The problems with rail transport I have also mentioned elsewhere in
this thread.

Phil
Rich
2012-11-19 15:34:50 UTC
Permalink
Post by Bill Shatzer
Not sucked in, merely curious as to how they did it pre-Barbarosa.
Did any thing go by tanker across the Black Sea to the distribution
network in Romania?
Not that I know of. The Romania distribution center as I understand it
consisted solely of a pipeline system connecting the producing fields
to the refineries and rail lines at Ploesti. There was no more
extensive European pipeline system; oil was primarily moved by river
barges and rail. Complicating the delivery of Soviet oil was the
difference between the Eastern and Western European rail gauges.
Post by Bill Shatzer
I rather agree that Iraq and the Gulf is a dead end, at least in the
short and medium term. And I realize that Germans never captured Baku or
the other really big Caucasus oil fields and they didn't retain the
smaller ones long enough to repair the damage inflicted by the
retreating Soviets and get them into serious production.
What is interesting is the reaction the Germans had when they
discovered the extent of the Soviet destruction of the Maikop fields.
Quite a bit of material was laboriously shipped in only to be lost
when the Soviet counteroffensive forced Heeresgruppe A's withdrawal
from the Caucasus. It is almost like the never thought about the
possibility the Soviets would destroy the fields more than a few
months ahead of time. Bentz's call for 2,800 specialist oil workers
was made apparently before BLAU kicked off, but six months later few
had arrived at Maikop.
Post by Bill Shatzer
But assuming they did capture the big oil fields and held them long
enough to repair the damage and ramp up serious production, why would
the pre-Barbarossa transportation method(s) be inadequate, at least at
the levels of pre-1941 supply?
Well, given the work they did at Maikop, I would judge it would have
taken them many months if not years to get serious production back on
line. The comparison to repairing the damage to Ploesti in the wake of
TIDALWAVE simply isn't valid. For one, the Germans and Rumanians
stockpiled large quantities of material there before the attack, just
for such a contingency and continued to do so until they finally had
to abandon Romania. For another, Ploesti was much closer to the German
resource heartland and was in the middle of a friendly and cooperative
country which owned the oil fields. Another problem the Germans would
have is the sheer distance and the lack of rail infrastructure -
essentially just two lines out of the Caucasus, one bottlenecking at
Rostov and the other at Stalingrad.

Of course, if the Germans managed to capture the oil fields, managed
to find the workers and equipment to bring them speedily online,
managed to relay rail lines to a new gauge and build new stations for
them, they could have railed the oil to Novosiversk, loaded them on
Black Sea oil tankers they didn't have and transport the oil to
Romania for transhipment. :)
Post by Bill Shatzer
Sorry, I was probably changing the premise (slightly) on you without
giving appropriate warning.
Yes, I understand...I was having a hard enough time envisaging oil
tankers sailing over the Taurus Mountains and plopping into the
Bosporus before sailing up the Danube and again taking flight over the
Alb to the Rhine. :)

Cheers!
Bay Man
2012-11-19 15:57:58 UTC
Permalink
Post by Rich
Yes, I understand...I was having a hard enough time envisaging oil
tankers sailing over the Taurus Mountains and plopping into the
Bosporus before sailing up the Danube and again taking flight over the
Alb to the Rhine. :)
You are nearly there. From the oil fields to the block Sea coast is not that
far. Small tankers can sail up rivers from the Black Sea.

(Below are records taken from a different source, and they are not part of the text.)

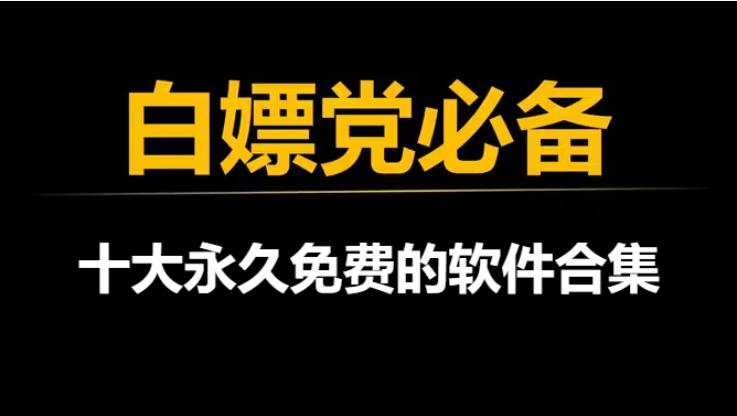 十大永久免費的軟件下載-永遠免費的十款軟件-十大永久免費的軟件合集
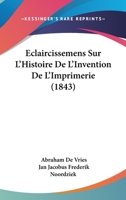 Eclaircissemens Sur L'Histoire De L'Invention De L'Imprimerie (1843) 1167596064 Book Cover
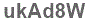 The text to enter in the texbox below is: ukAd8W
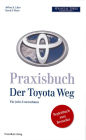 Praxisbuch Der Toyota Weg: Für jedes Unternehmen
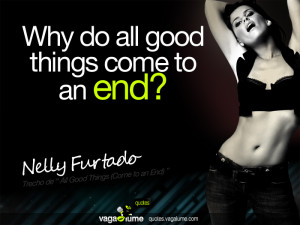 Nelly Furtado ( All Good Things )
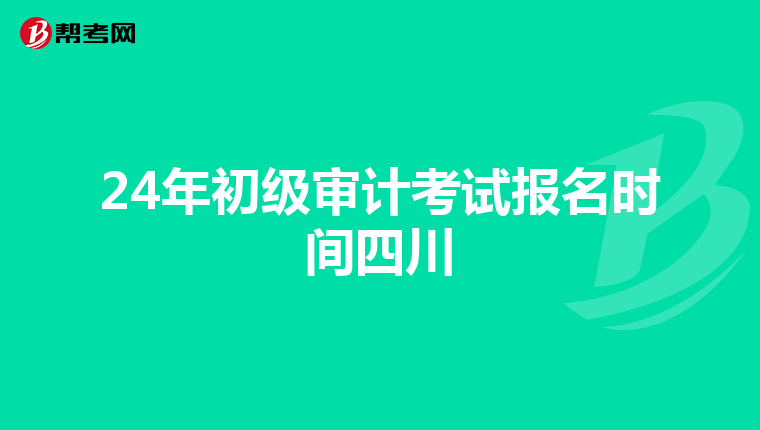 24年初级审计考试报名时间四川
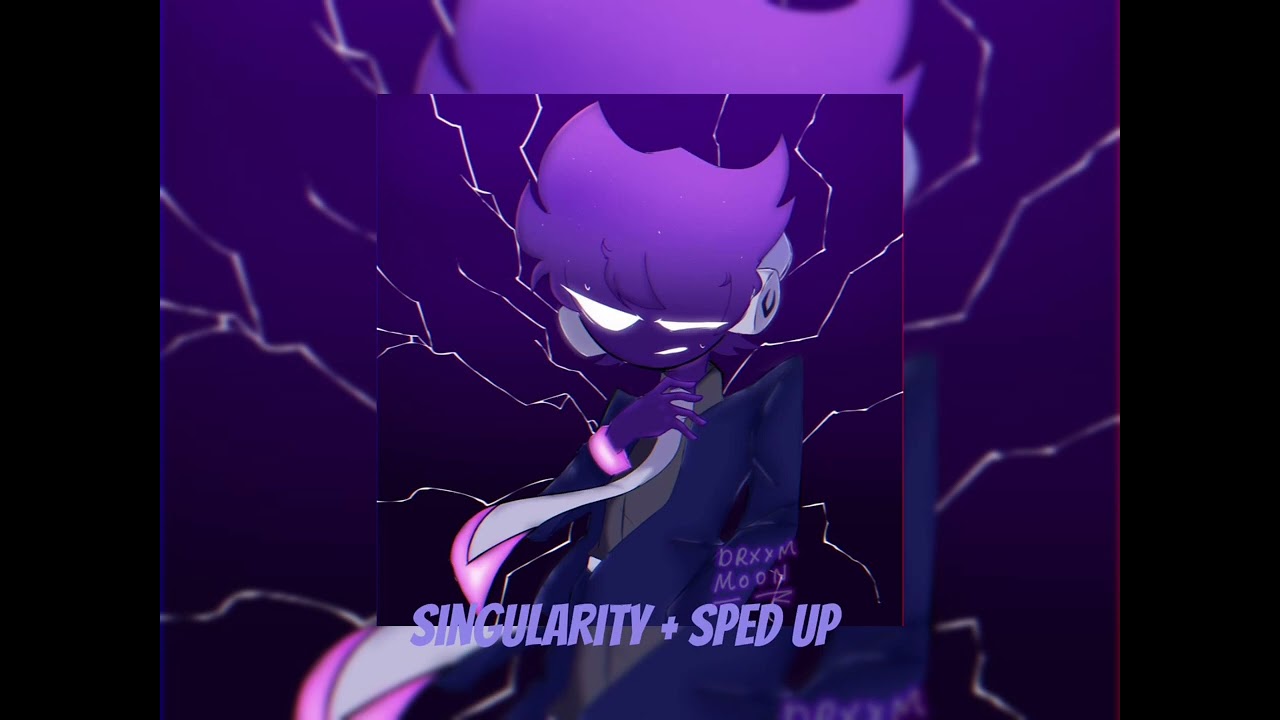 Singularity + Sped up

The Germans did know about pipelines and would have laid them over laying
rail. Although rail can transport all sorts of goods.
Rich
2012-11-19 19:37:31 UTC
Permalink
On Nov 19, 10:57 am, "Bay Man"
Post by Bay Man
You are nearly there. From the oil fields to the block Sea coast is not that
far. Small tankers can sail up rivers from the Black Sea.
This is becoming retarded. From the Kirkuk oil field to Trabzon, the
closest port of any size in Turkey on the Black Sea, is 1,180
kilometers by single track rail. Kirkuk to Kadikoey across from
Istnabul is 1,959 kilometers. In Baymanese that equals "not that far".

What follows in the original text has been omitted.